* Material provided *
· · · ·

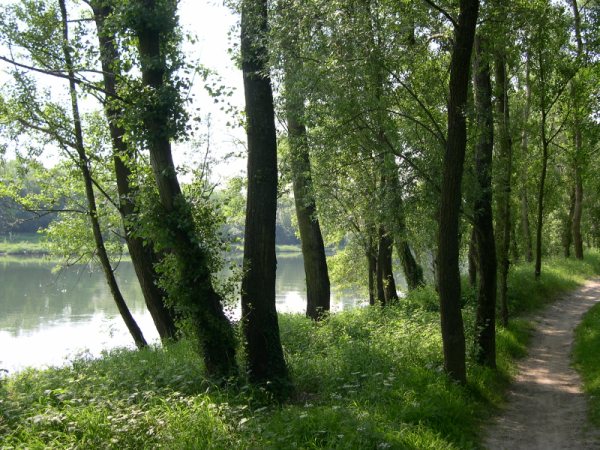 Berges du Rhône à Grigny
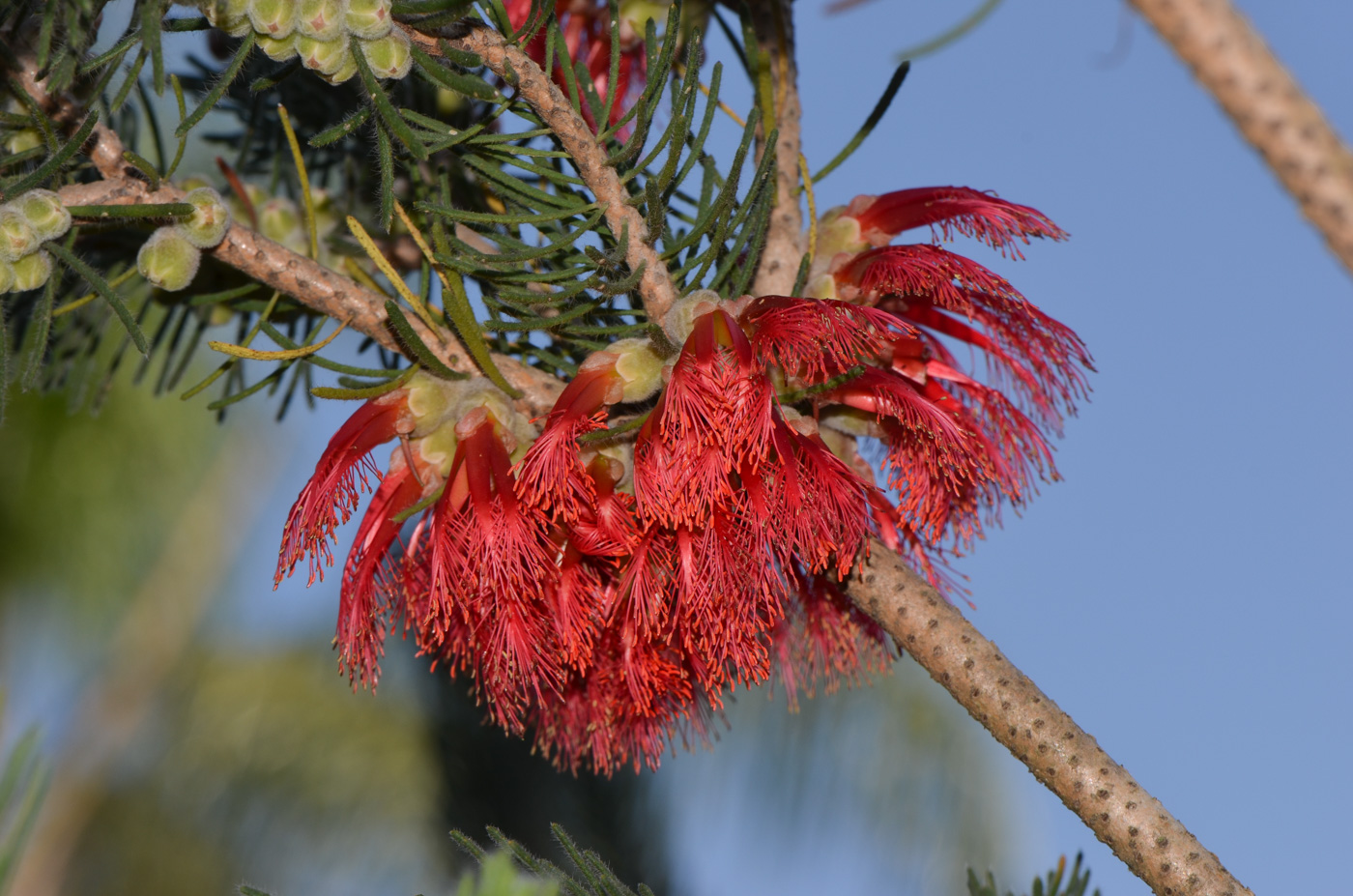 Image of Calothamnus villosus specimen.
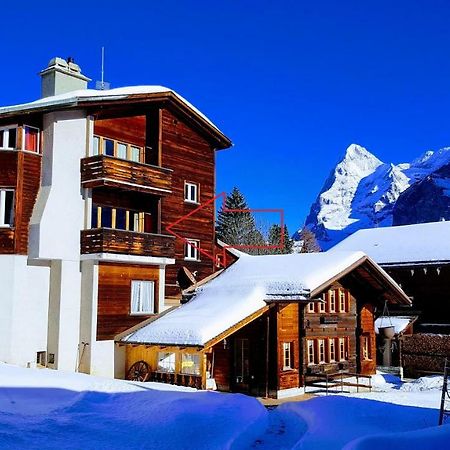 Chalet Anemone 2 Apartman Mürren Kültér fotó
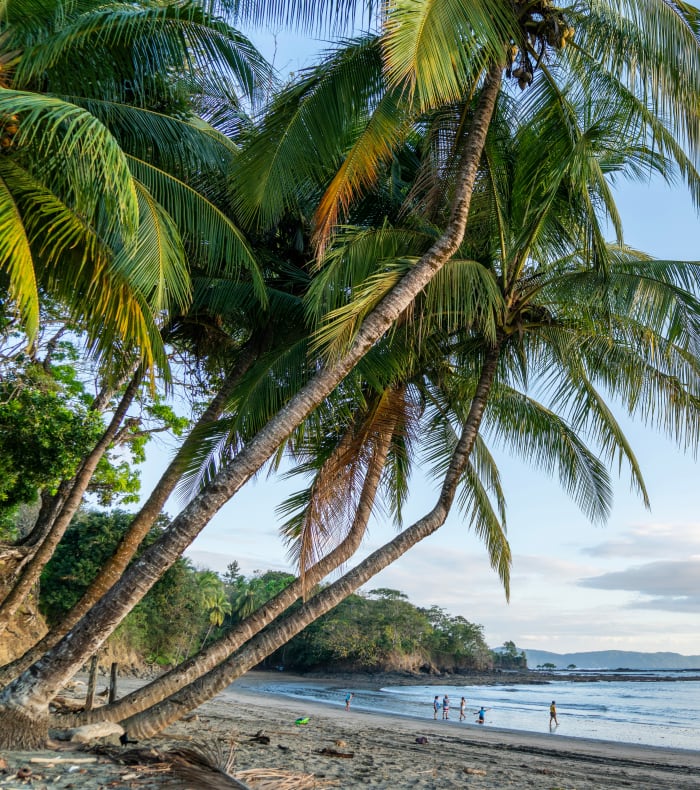 Plage tropicale du Panama avec palmiers, sable blanc et baigneurs face aux îles et montagnes de Bocas del Toro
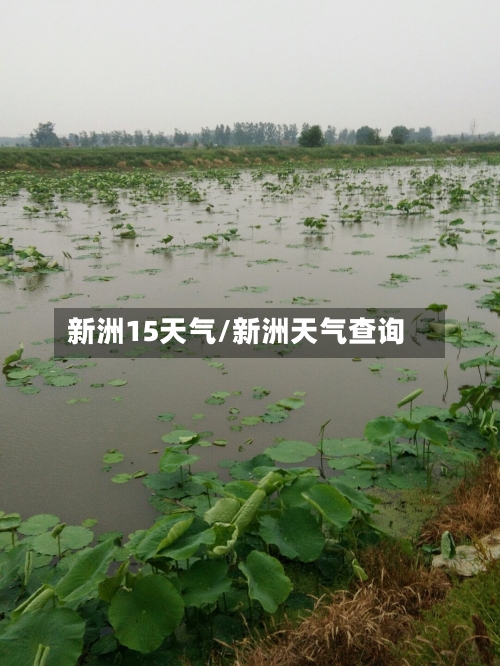 新洲15天气/新洲天气查询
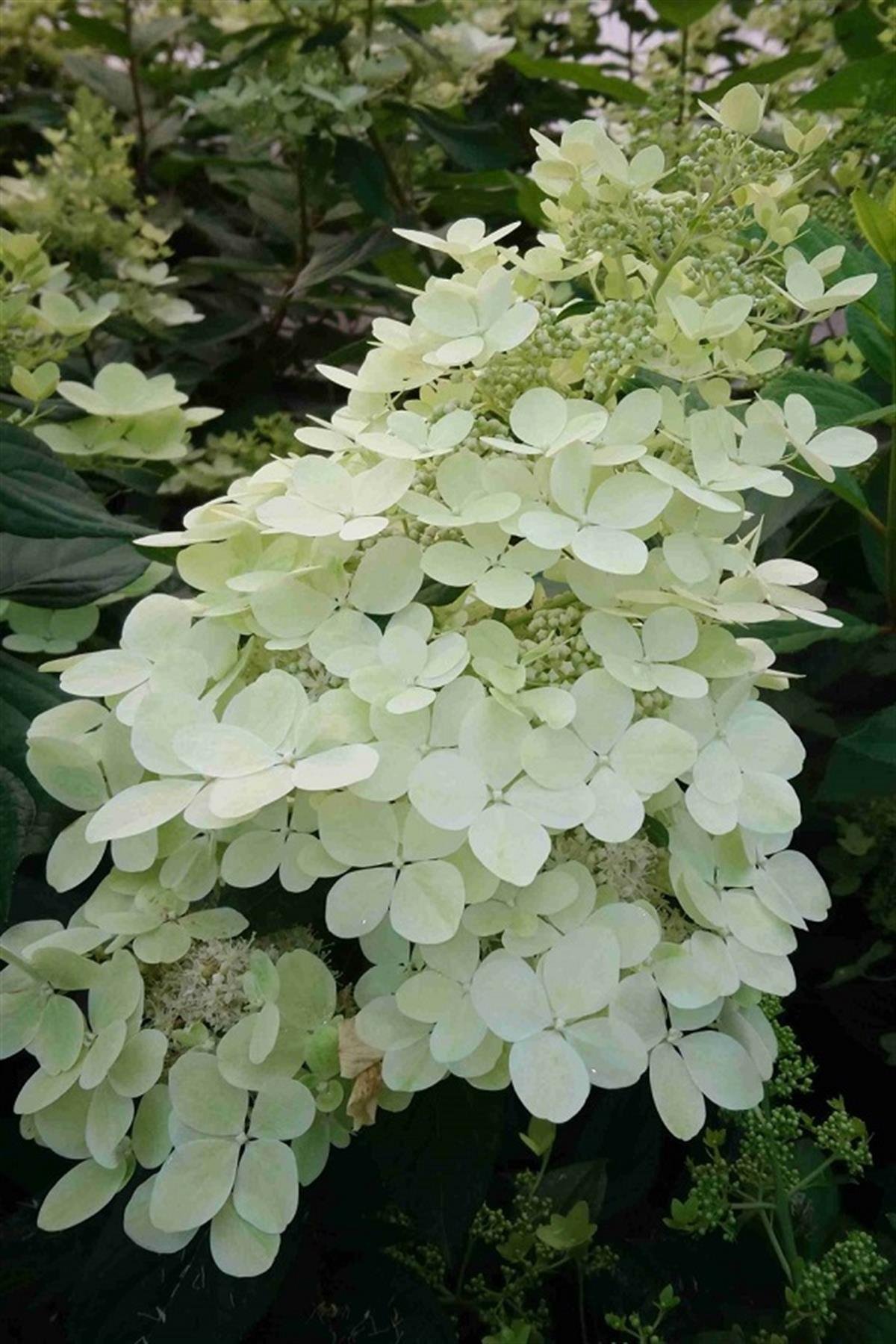 Hydrangea paniculata ortanca fidanı Confetti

· · · ·

* About this exercise *
Repeat exactly the lines from the one containing "新洲15天气/新洲天气查询" to the last line of the data above, both included, and write no pictures into the copy.

* Exercise output *
 新洲15天气/新洲天气查询
 Hydrangea paniculata ortanca fidanı Confetti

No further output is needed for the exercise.